Anatomy and Biomechanical Considerations:
Hip Adductors
Attach to the pubic ramus and ischial ramus to ischial tuberosity
Function to restrain abduction of the stance limb during gait
They also assist in internal rotation and flexion of the hip
Hypertonicity of the hip adductors can result in displacement of the femoral head superiorly and laterally
Innervation – obturator n. L2, 3 and 4
Anterior Oblique Sling
Adductors are functionally connected to the abdominal obliques on the contralateral slide to form an oblique sling of support for the anterior pelvis
When hypertonic the pull of the adductors can result in an inferior pubic shear
Anterior Innominate Self Correction: Home Self-Mobilizing Exercise
Anterior Innominate Self Correction
To correct an Anterior Innominate on the right:
The patient is lying on their back keeping the left leg out straight. Using both hands they bring their R knee up towards their chest then out towards their right shoulder.
Instruct the patient to hold the right leg firmly and do not allow the leg to move as they attempt to straighten the right hip. They hold the contraction for 4-5 seconds.

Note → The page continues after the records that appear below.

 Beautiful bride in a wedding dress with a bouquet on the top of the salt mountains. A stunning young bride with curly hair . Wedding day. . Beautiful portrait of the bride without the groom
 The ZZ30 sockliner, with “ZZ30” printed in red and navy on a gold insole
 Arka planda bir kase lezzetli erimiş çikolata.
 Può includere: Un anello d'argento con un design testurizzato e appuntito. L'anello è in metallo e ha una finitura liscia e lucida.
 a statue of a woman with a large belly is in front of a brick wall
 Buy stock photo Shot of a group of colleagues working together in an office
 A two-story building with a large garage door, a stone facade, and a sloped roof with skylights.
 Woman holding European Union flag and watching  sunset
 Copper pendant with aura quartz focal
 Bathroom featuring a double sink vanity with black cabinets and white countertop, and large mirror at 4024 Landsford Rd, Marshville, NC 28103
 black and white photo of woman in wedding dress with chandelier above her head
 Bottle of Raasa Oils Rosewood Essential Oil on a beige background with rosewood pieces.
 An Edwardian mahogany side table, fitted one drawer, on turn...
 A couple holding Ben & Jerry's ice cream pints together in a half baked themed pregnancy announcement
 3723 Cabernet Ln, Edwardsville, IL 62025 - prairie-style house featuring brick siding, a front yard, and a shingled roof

When they relax instruct the patient to bring the right leg further up and out towards the R shoulder and repeat 3 to 4 times.
The patient is supine and is initially positioned in the same starting position as for the pelvic clock assessment. The subject is instructed to posteriorly rotate the pelvis towards 12 o’clock which is monitored by the examiner’s thumbs placed either inferior or superior over the ASISs. The ASISs must be level in the frontal plane prior to the start of the movement test. If asymmetry at 12:00 o’clock is present the subject is usually asked to draw the right ASIS superiorly further (usually accomplished by side bending the trunk to the right). The subject is asked to maintain the symmetrical 12 o’clock position and slowly abduct, or allow the knees to separate as far as possible, without losing the symmetry at the monitored ASISs. The operator monitors the ASIS position and notes if one side begins to drop caudally as the subject slowly drops the knees out to the side.